In that this notion of infinitude is its object, it is thus a consciousness of the distinction as one which at the same time is at once cancelled. Consciousness is for itself and on its own account, it is a distinguishing of what is undistinguished, it is Self-consciousness. I distinguish myself from myself; and therein I am immediately aware that this factor distinguished from me is not distinguished. I, the selfsame being, thrust myself away from myself; but this which is distinguished, which is set up as unlike me, is immediately on its being distinguished no distinction for me. Consciousness of an other, of an object in general, is indeed itself necessarily self-consciousness, reflectedness into self, consciousness of self in its otherness.
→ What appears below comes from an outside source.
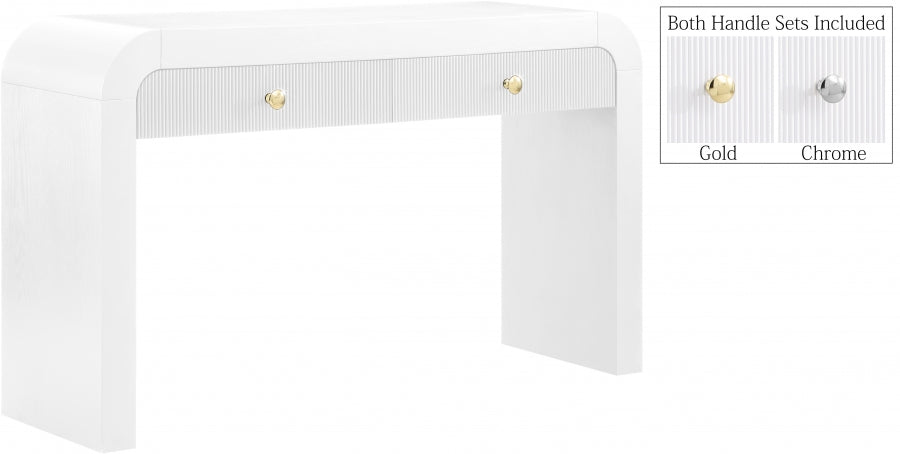 Mesa consola Artisto blanca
The necessary advance from the previous attitudes of consciousness, which found their true content to be a thing, something other than themselves, brings to light this very fact that not merely is consciousness of a thing only possible for a self-consciousness, but that this self-consciousness alone is the truth of those attitudes. But it is only for us (who trace this process] that this truth is actually present; it is not yet so for the consciousness immersed in the experience. Self-consciousness has in the first instance become a specific reality on its own account ( für sich ), has come into being for itself; it is not yet in the form of unity with consciousness in general.